Seriously though. I need help. I need advice, opinions. I need the wisdom of all the been there done that moms out there. So I'm asking you to weigh in. Please. My brain is about to explode from all this over analyzing.
Today's topic... co-sleeping.
I've been thinking a lot about this lately. A LOT. There's a thread on RQ that started my mind a'spinning. Now I know this is one of those issues that people have strong opinions about. Some agree that it's a great idea... and some don't. So please no flaming. Everyone's decision is right if it works for your family. And I need to hear all perspectives so I can make an informed decision about how I'm going to do this sleeping thing.
Way way way back in early 2006, when I first started this adoption, I definitely planned to put Mia in a crib in her own room. That's what you do with babies, right? Plus I'm a selfish sleeper. I want my space in bed. I wanna be comfortable. And I made that beautiful room for her, ya know. So naturally I would prefer her in it.
But.... now I'm not so sure. I'm leaning the other way.
Everything I'm reading right now seems to be promoting the benefits of co-sleeping for attachment, especially in children who started out in orphanage care. And I wanna do what's best for my daughter. At all costs. I've already let go of all the selfish notions I've carried around all these years of being a single, carefree woman. My daughter comes first. I come second.

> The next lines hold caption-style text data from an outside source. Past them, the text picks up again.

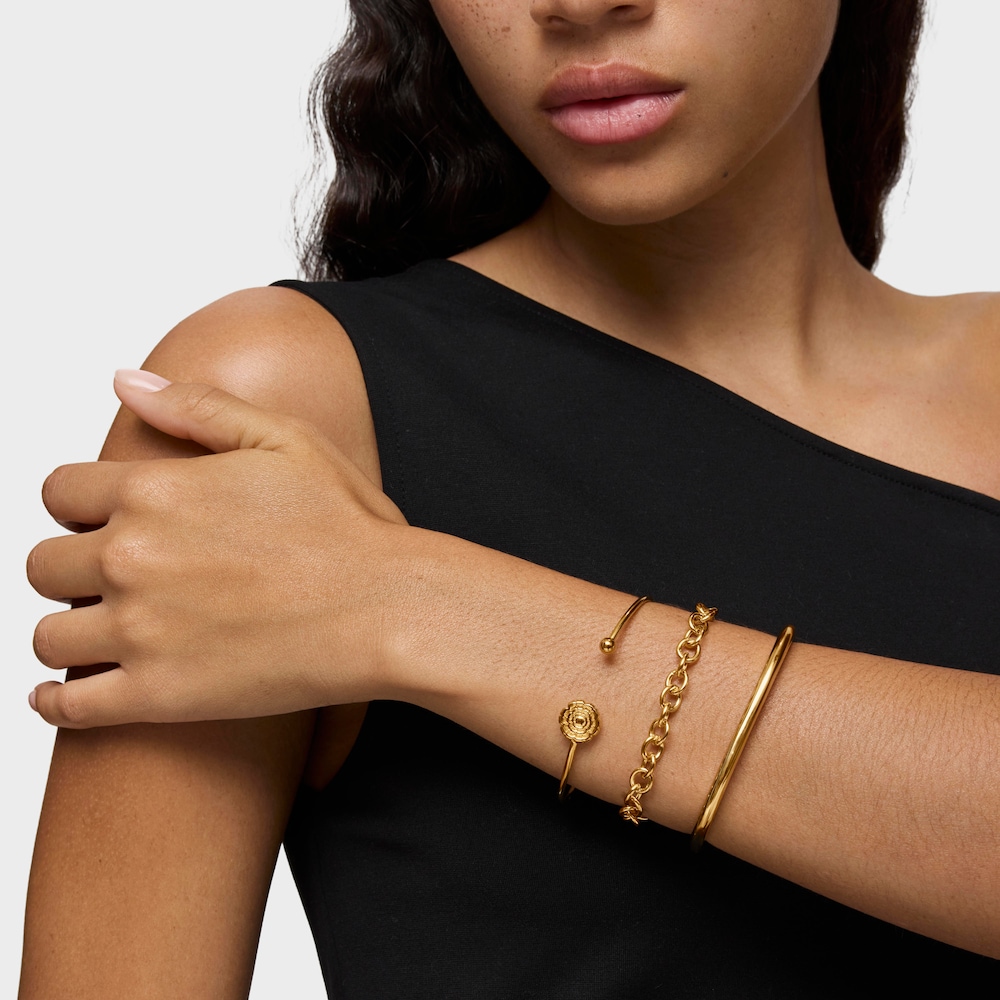 Pulsera esclava con ba&ntilde;o de oro 18 kt sobre plata y detalle flor Cachito M&iacute;o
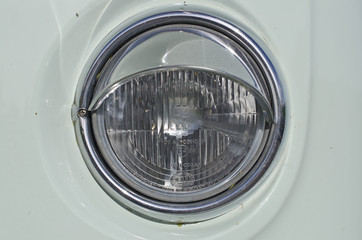 The round head light of the old classic vintage bus. 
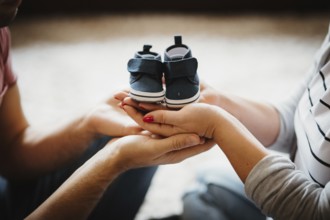 Young future parents holding baby booties shoes in their hands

But as usual I'm overthinking it all. I'm trying to imagine how it would work. Like the true logistics of it and how I would practice it in my own life. So tell me peeps... how does this work for you? Do you co-sleep? Or not?
With co-sleeping....do you put her in bed with you? Or on a mattress in your room? Or just pull the crib up to the side of your bed?
Do you go to sleep when she does? But babies go to sleep REALLY early, right? So do you wait for her to fall asleep and then get up to do chores, have some "alone" time, watch TV, etc? Or do you just go to bed at like 8 o'clock at night?
How does your morning routine work? Does she wake up when your alarm goes off if she's in bed with you? Or can you get up and get ready for work while she stays asleep awhile longer?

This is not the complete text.